Бобров вынул из портфеля паспорт. На улице внизу провыла сирена мотора, и стекла тонко дрогнули.
— Любопытно взглянуть, — сказал Пшевецкий, раскрывая паспорт. — Да, ты прав: черным по белому. «Паспортная книжка номер восемьдесят пять, выданная потомственному дворянину Николаю Николаевичу Боброву». Так... «Родился седьмого марта тысяча восемьсот восемьдесят девятого года». Правильно. Странно. Ты выглядишь значительно моложе. Да. В таком возрасте, любезнейший, надо играть умнее.
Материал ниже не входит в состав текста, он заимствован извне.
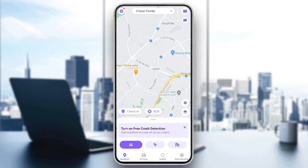Hello everyone, and welcome back to a new video. In this video, I'm going to show you guys how to add a circle on Life360. So if you guys want to learn how to do it, just follow the steps that I'm going to show you.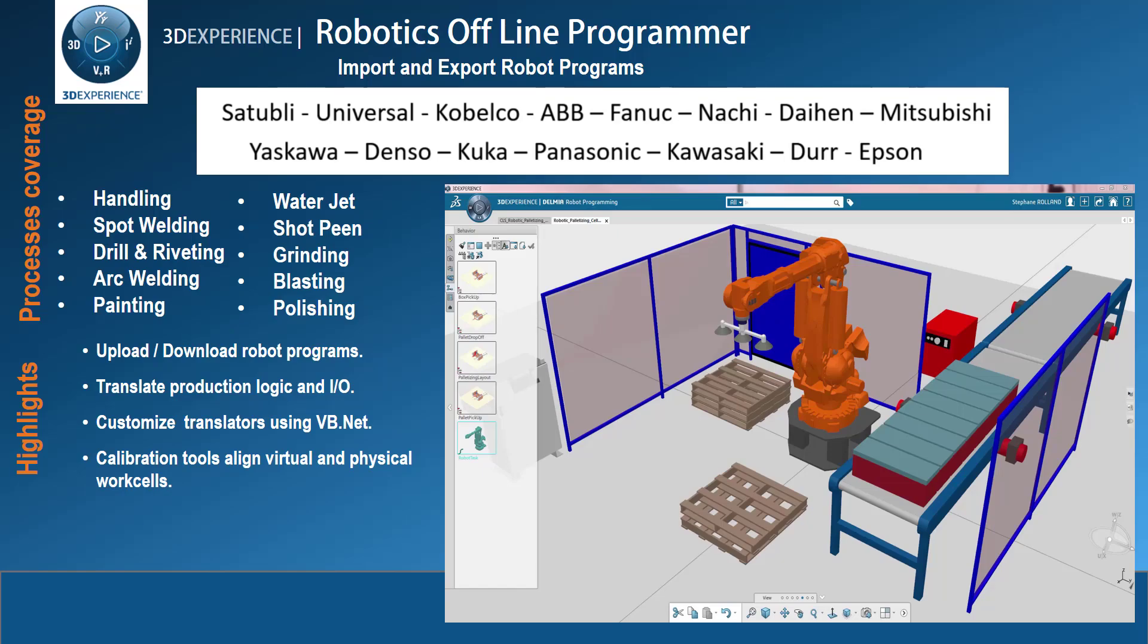So today we're going to talk about robot offline programming. Now Delmia has capabilities to offline program.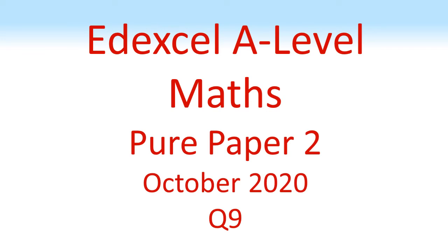Edexcel A Level Maths, Pure Paper 2, October 2020, Question 9.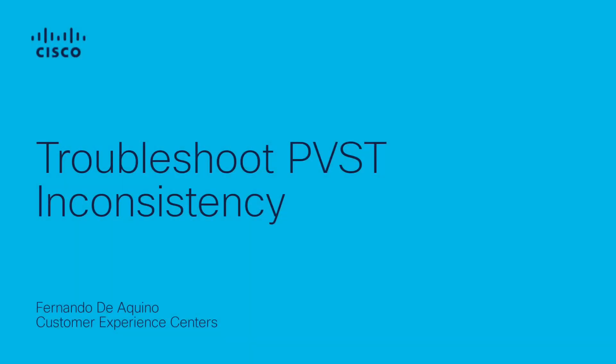Hello everyone, my name is Fernando De Aquino and I am a technical consulting engineer for the enterprise LAN switching team here at Cisco.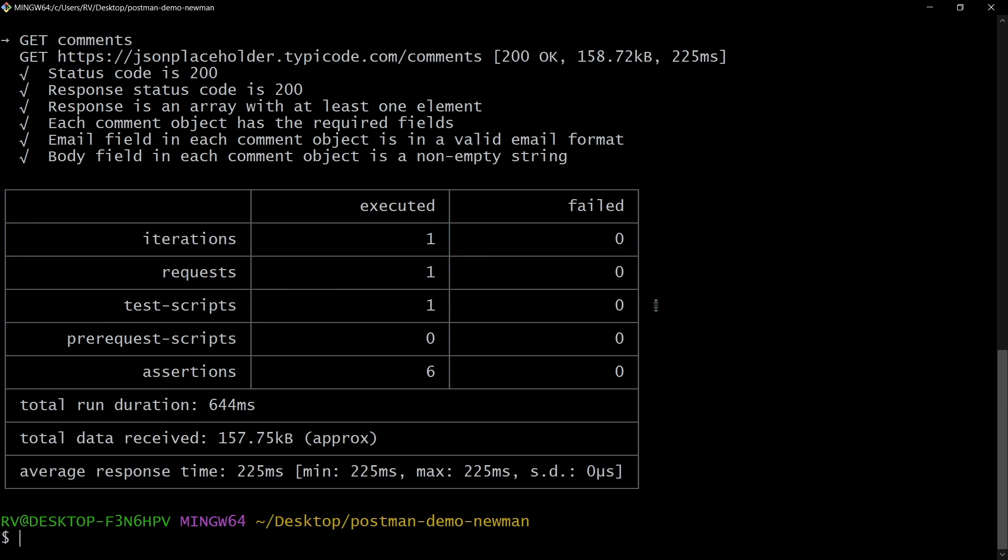Great, all the tests passed. Simple, isn't it?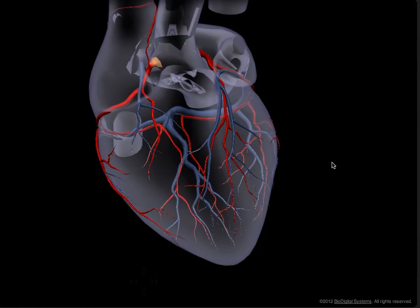Finally, because the left ventricle has to pump blood to the entire body, it naturally has to work the hardest and therefore requires the largest supply of oxygen and nutrients.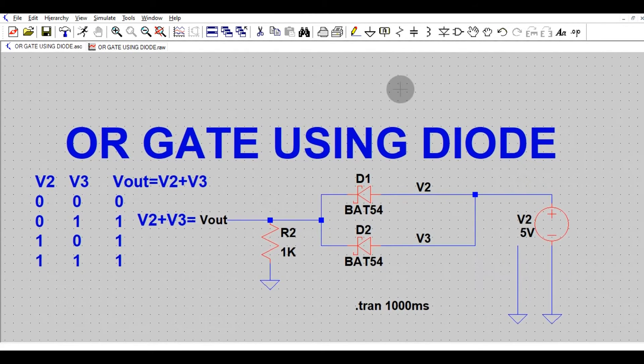I hope you understand how to implement an OR gate using Diode Resistor Logic. If you have any questions, feel free to ask in the comment section. Thanks for watching this video.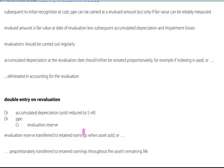Double entry on revaluation: reduce the accumulated depreciation account until it's down to zero, and if there is any revaluation remaining, debit the PP&E account, and the credit entry will go to the revaluation reserve.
Он положил паспорт на стол.
— Ты куда?
— В двенадцатый, там скверно пахнет.
— Вали, вали. Вечером партия?
— Есть. Коли что — звони в двенадцатый.
Бобров подошел к двери.
— Да, вот еще что, — сказал Пшевецкий, аккуратно укладывая фигуры в ящичек и подымая бровь над припухшим скупым глазом. — Вот еще что. Там, в подвале, только что окончили одиночки, пойдешь вниз — взгляни.
— Ладно, взгляну.
Бобров вышел. И как только он вышел, Пшевецкий стал неузнаваем: глаза его выцвели до белизны, тощая шея натужилась железными жилами, и резкие желваки заиграли на угодничьих скулах. Он схватил телефонную трубку и худым, с чернильной вдавлиной пальцем дважды нажал пуговку, и дважды где-то в ящике гнусаво пропел петушок. Пшевецкий вызывал коменданта.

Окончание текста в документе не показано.